There is no support for NEON intrinsics for architectures before ARMv7. When building for earlier architectures, or for ARMv7 architecture profiles that do not include NEON, the compiler treats NEON intrinsics as ordinary function calls. This results in an error at link time.
For more information about NEON see the RealView Compilation Tools v3.0 Assembler Guide.
The NEON intrinsics described in this appendix are defined
in the arm_neon.h header file. The header file
defines both the intrinsics and a set of vector types. See ARM DAI 0156A: Using
Neon Intrinsics with RVDS 3.0 in for
more information.install_directory\Documentation\Specifications
Example F.1 shows a short example using NEON intrinsics.
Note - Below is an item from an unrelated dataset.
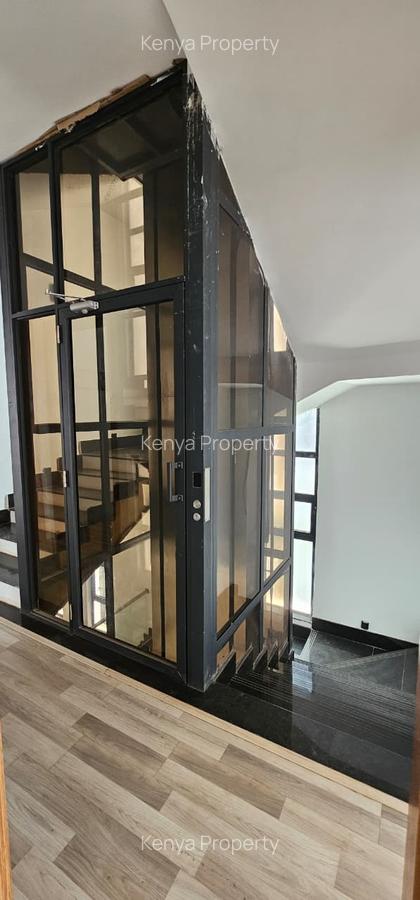 4 Bed Villa with En Suite at Apple Cross - 20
To build the example:
Compile the C file with the following options:
armcc -c --debug --cpu Cortex-A8 neon_example.c
Link the image using the command:
armlink neon_example.o -o neon_example.axf
Use a compatible debugger, for example, RealView Debugger, to load and run the image.
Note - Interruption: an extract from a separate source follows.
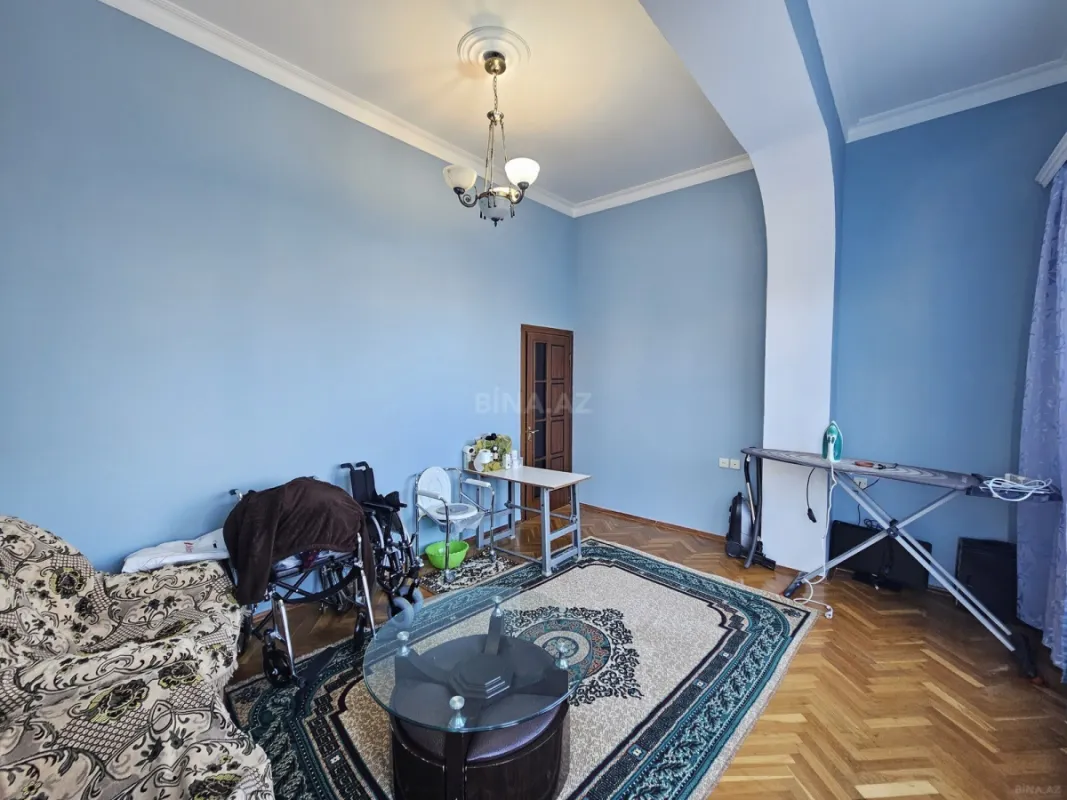 Satılır 3 otaqlı mənzil 95 m²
Example F.1. NEON intrinsics
/* neon_example.c - Neon intrinsics example program */
#include <stdint.h>
#include <stdio.h>
#include <assert.h>
#include <arm_neon.h>
/* fill array with increasing integers beginning with 0 */
void fill_array(int16_t *array, int size)
{ int i;
for (i = 0; i < size; i++)
{
array[i] = i;
}
}
/* return the sum of all elements in an array. This works by calculating 4 totals (one for each lane) and adding those at the end to get the final total */
int sum_array(int16_t *array, int size)
{
/* initialise the accumulator vector to zero */
int16x4_t acc = vdup_n_s16(0);
int32x2_t acc1;
int64x1_t acc2;
/* this implementation assumes the size of the array is a multiple of 4 */
assert((size % 4) == 0);
/* counting backwards gives better code */
for (; size !=0; size -= 4)
{
int16x4_t vec;
/* load 4 values in parallel from the array */
vec = vld1_s16(array);
/* increment the array pointer to the next element */
array += 4;
/* add the vector to the accumulator vector */
acc = vadd_s16(acc, vec);
}
/* calculate the total */
acc1 = vpaddl_s16(acc);
acc2 = vpaddl_s32(acc1);
/* return the total as an integer */
return (int)vget_lane_s64(acc2, 0);
}
/* main function */
int main()
{
int16_t my_array[100];
fill_array(my_array, 100);
printf("Sum was %d\n", sum_array(my_array, 100));
return 0;
}